El acto analítico, que Lacan sitúa en el paso del analizante a analista, cuando el sujeto dividido pasa de ocupar el lugar de trabajo a ocupar el lugar del vacío donde se aloja el objeto a, requiere para su sostenimiento, de la certeza de un deseo por hacer existir el vacío donde surge un sujeto que sabe se hace cargo de su goce.
Además del deseo que lo habita, el analista, cuenta con un saber sobre su goce y con el saber del psicoanálisis. Este equipaje le otorga un saber-hacer, que le posibilita dejar atrás su condición de sujeto, y orientar la operación que es singular en cada caso.

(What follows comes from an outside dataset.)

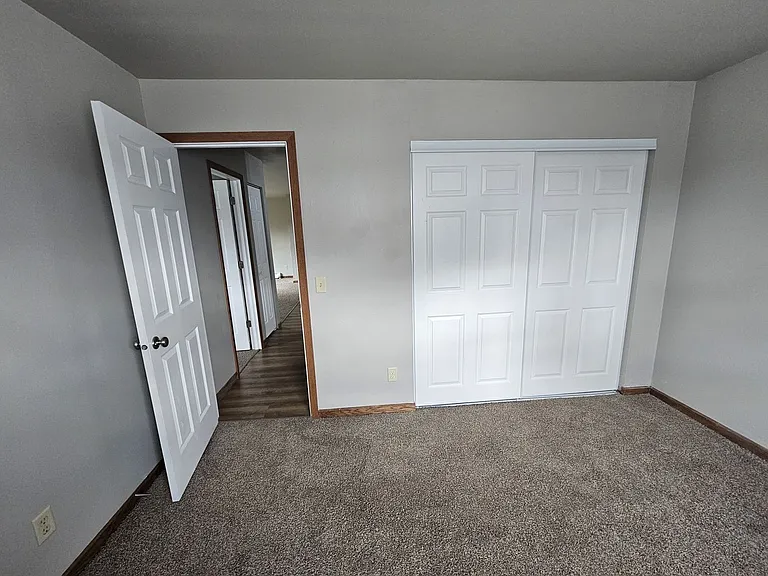 COACHLIGHT VILLAGE APARTMENTS — Photo 15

El analista sabe que el sujeto que demanda salida a su angustia, llega con su deseo y su goce atrapados en el fantasma que se ha forjado para sostenerse, en el que confluyen significantes y afectos que le confieren unidad, que le dan un lugar en el Otro, y un objeto a que tapona y que es necesario remover, para hacer el vacío que libere al goce le permita un nuevo encuentro con la palabra.

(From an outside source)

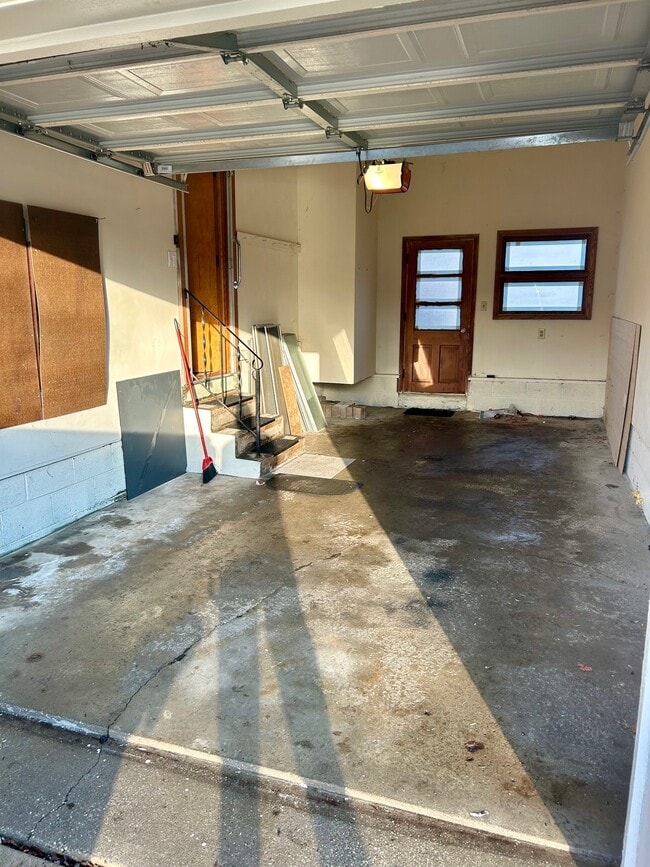 Building Photo - 245 Winchester Rd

Las palabras del analizante se repiten, concatenan e interrumpen, mientras el analista las corta, enfatiza, disloca, permitiendo al inconsciente aflorar, a las identificaciones caer, y al objeto a develar su intimidad con el significante que se descubre como letra-borde entre un deseo que orienta y un goce que se reitera a modo de enjambre, el cual, en su liberación, se vincula con la palabra que lo sitúa de otro modo.
Mediante la transferencia entre analista y analizante, a la vez que se logra que el inconsciente se abra, también sucede que se cierre o las pasiones del analizante perturben al analista, no solo como amor, sino como odio, e impidan al analizante perder su goce y a hacer el espacio requerido para la invención.